Pour son premier long-métrage, Olivier Abbou, auteur de plusieurs courts et de la mini-série "Madame Hollywood", tourne à Montréal en langue anglaise une production franco-canadienne dont il co-écrit le scénario. Nous suivons donc une bande de potes américains revenant d'un mariage au Canada et se faisant arrêter par la douane sur une route frontalière en pleine forêt. La situation dégénère rapidement et nos désormais quatre amis vont être emprisonnés et torturés par deux cinglés nationalistes qui y voient une escouade de terroristes.
Partant d'un postulat génial qui dénonce les dangers de l'après-guerre et la parano de certains Américains pure souche, Territoires se prend hélas les pieds dans le plat après une longue introduction sous tension. Dévoilant trop rapidement les tenants et aboutissants de son intrigue, le film souffre d'un rythme en dents de scie, se concentrant sur les deux ravisseurs et leurs motivations pour en oublier leurs victimes, point de départ d'une intrigue partant hélas dans tous les sens. Drame intimiste, film de torture psychologique, critique sociale engagée, enquête policière vaine et maladroite... Abbou en fait trop, incapable de se concentrer sur un sujet et d'y venir à bout.

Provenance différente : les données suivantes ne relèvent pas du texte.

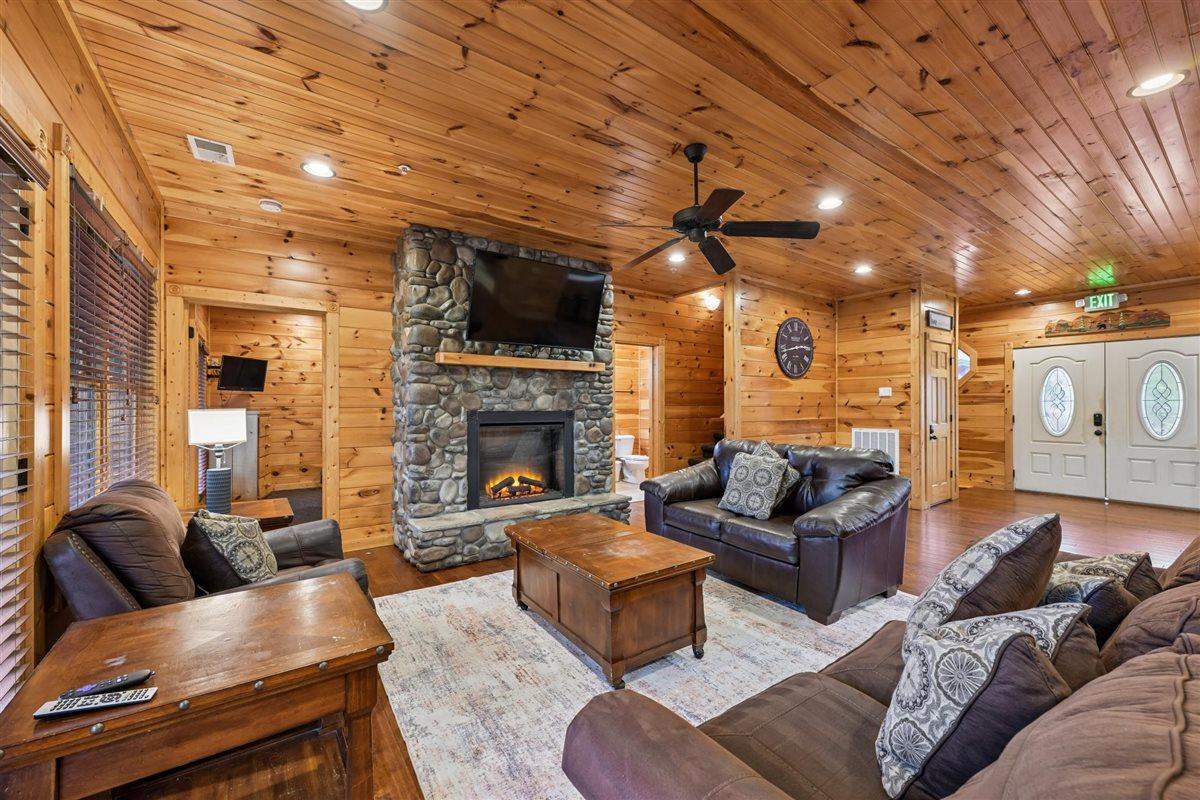 010Living Room
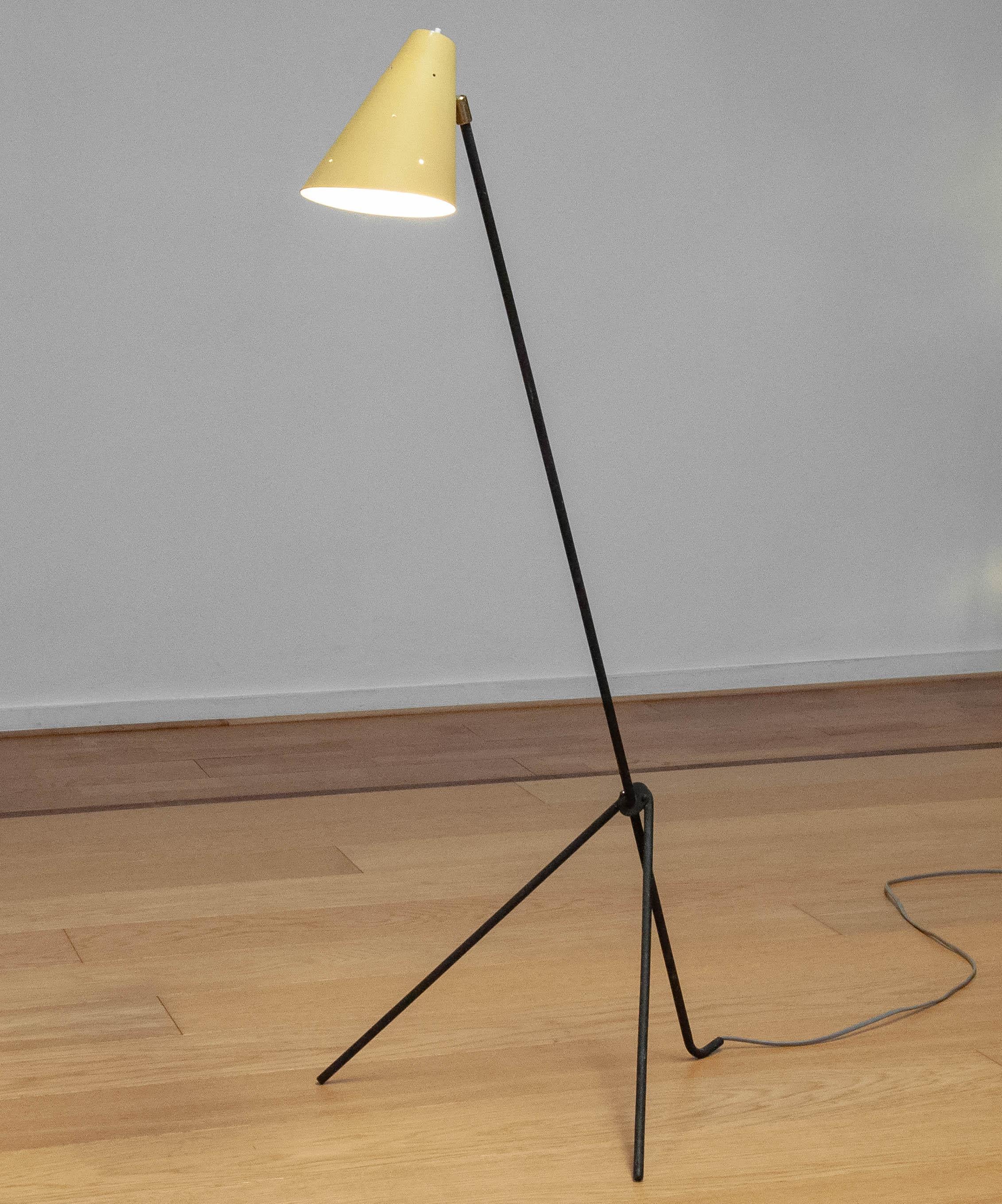 40er Jahre Metall Grasshopper Giraffen-Stehlampe mit Vanille-Schirm aus Schweden (Moderne der Mitte des Jahrhunderts) im Angebot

C'est d'autant plus dommage que les acteurs, peu connus du grand public, s'avèrent tous convaincants (hormis pour Stephen Shellen, sosie canadien de notre Yvan Le Bolloc'h national, peu crédible en détective privé taciturne). De plus, la mise en scène reste dans l'ensemble soignée, avec de bonnes idées ici et là et une direction artistique résolument soignée. Mais arrivés en fin de parcours, nous avons la désagréable sensation que le film n'a rien raconté, n'a proposé qu'une ellipse sans forme à un propos au fond sérieux. Trop engagé, dénonçant sans vergogne un racisme bien réel en le mêlant à une fiction finalement peu éprouvante pour ne pas dire caricaturale (mais qui aurait pu donner un film sensiblement violent), Olivier Abbou ne réussit pas à nous embarquer dans ce qui aurait pu être une première œuvre marquante.